The details concerning the tumorigenesis of IMT remain unclear; however, clonal rearrangement of the ALK gene on the short arm of chromosome 2 at 2p23 is frequently observed (8), with 50-60% of IMTs immunohistochemically positive for ALK (9). Coffin et al. reported that old age was likely to be associated with ALK negativity (10). The present case was also older with an ALK-negative status. Surgical resection is the most important first-line treatment for IMT and usually achieves a radical cure. However, in unresectable cases of ALK-translocated IMT, the ALK inhibitor crizotinib may be a useful treatment (11).

IgG4-related disease is a steroid-responsive multiorgan system disorder characterized by IgG4-positive plasma cell infiltration and fibrosis as well as high serum levels of IgG4 in many cases (1). IMT often shows IgG4-positive cells (12), and due to their similar histologies regarding plasma cell infiltration, IMT and IgG4-related disease need to be carefully differentiated. Zhu et al. reported that IMT showed less infiltration of lymphocytes and plasma cells, more cytological atypia, and fewer IgG4-positive cells than IgG4-related inflammatory pseudotumor (IPT) and that ALK-positive cells were specific to IMT (13). Further investigations will be needed in order to better diagnose IMT and IgG4-related disease.

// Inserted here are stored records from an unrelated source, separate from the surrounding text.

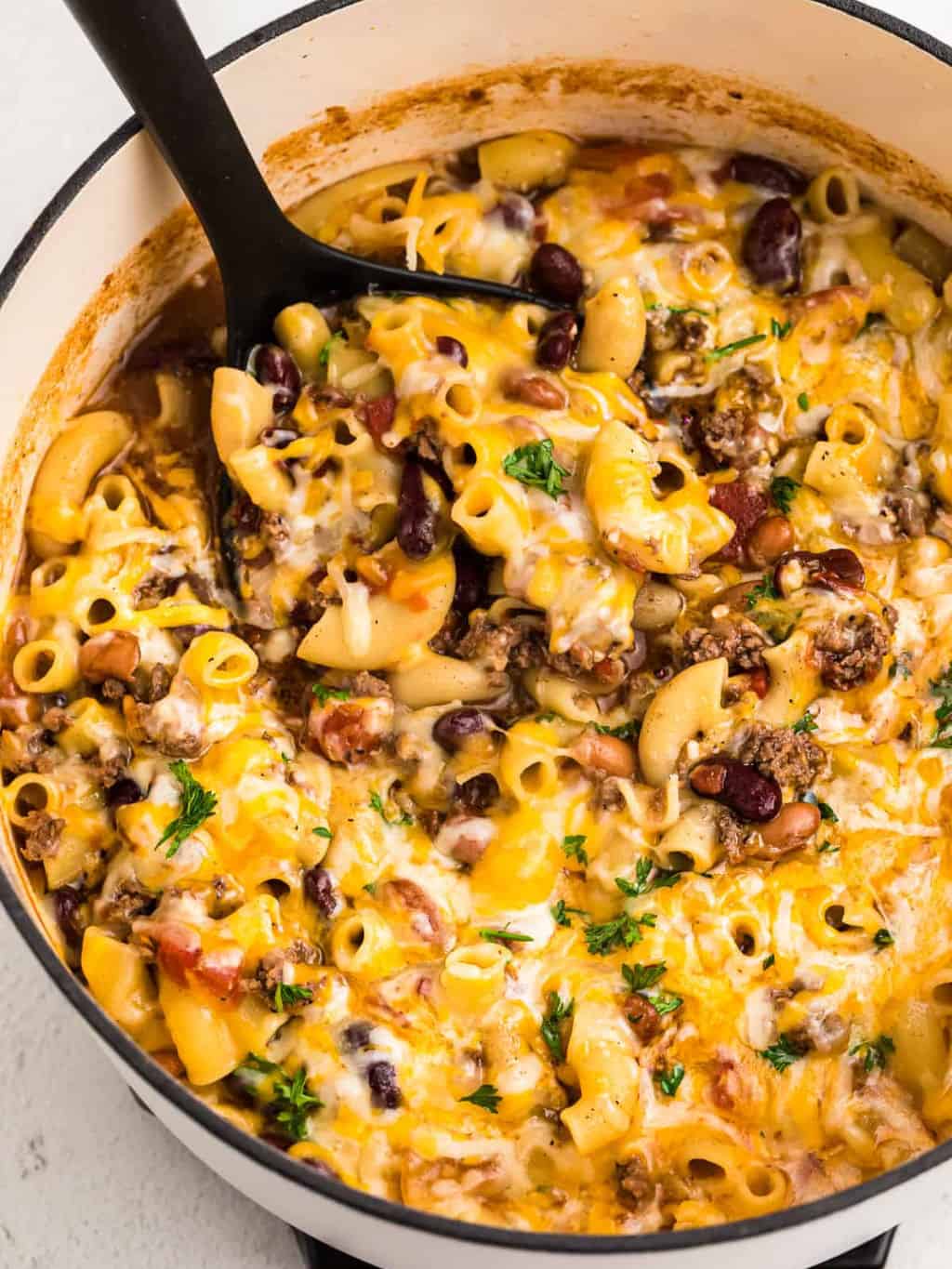 One Pot Chili Mac Recipe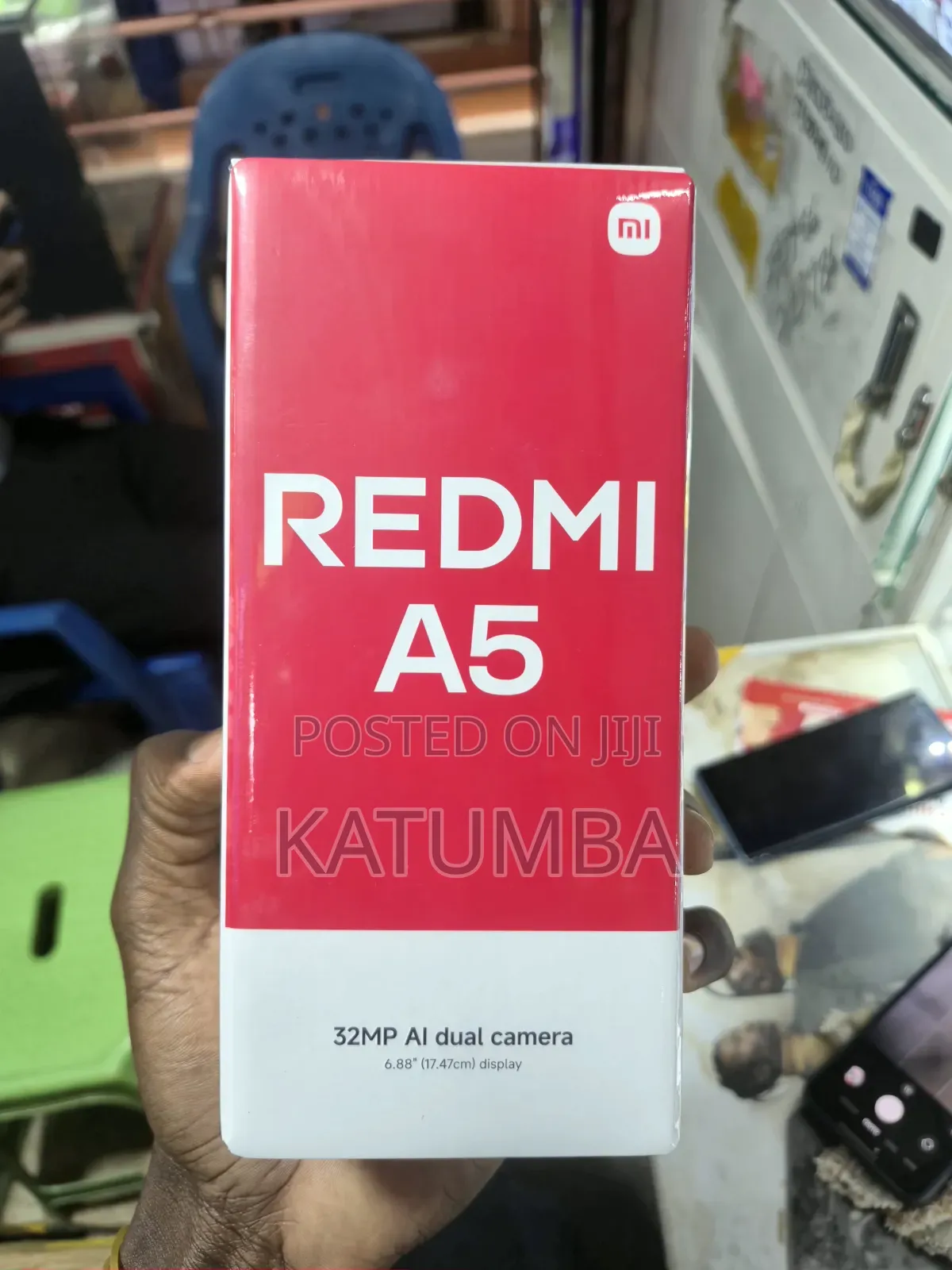 New Xiaomi Redmi A5 4G 64 GB Black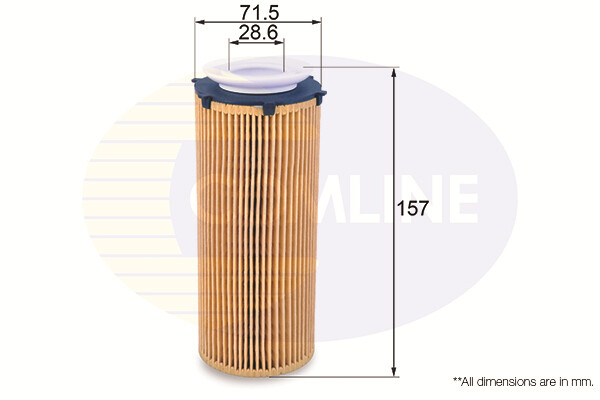 COMLINE EOF225 Oil Filter for BMW
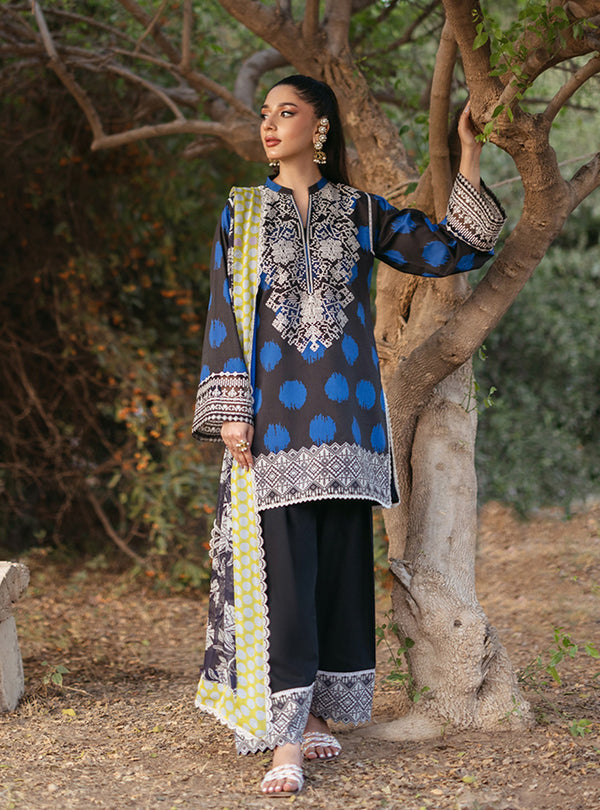 Zainab Chottani | Tahra Lawn 24 | FREYA - D 10B - Pakistani Clothes for women, in United Kingdom and United States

We encountered an elderly man with IMT who initially presented with rectal ulceration and abnormal retroperitoneal soft tissue that required differentiation from IgG4-related disease. An endoscopic biopsy was insufficient to diagnose IMT by a histological examination. These lesions did not respond to steroid therapy, and radical resection was not completed. He was unable to undergo post-surgical therapy for the tumor due to tumor-associated necrosis. It was concluded that the newly emerged liver tumor was metastatic, given its histological similarity to the rectal mass. The patient died of IMT one month after the diagnosis of liver metastasis. We reported a rare case of IMT with an aggressive course.

The authors state that they have no Conflict of Interest (COI).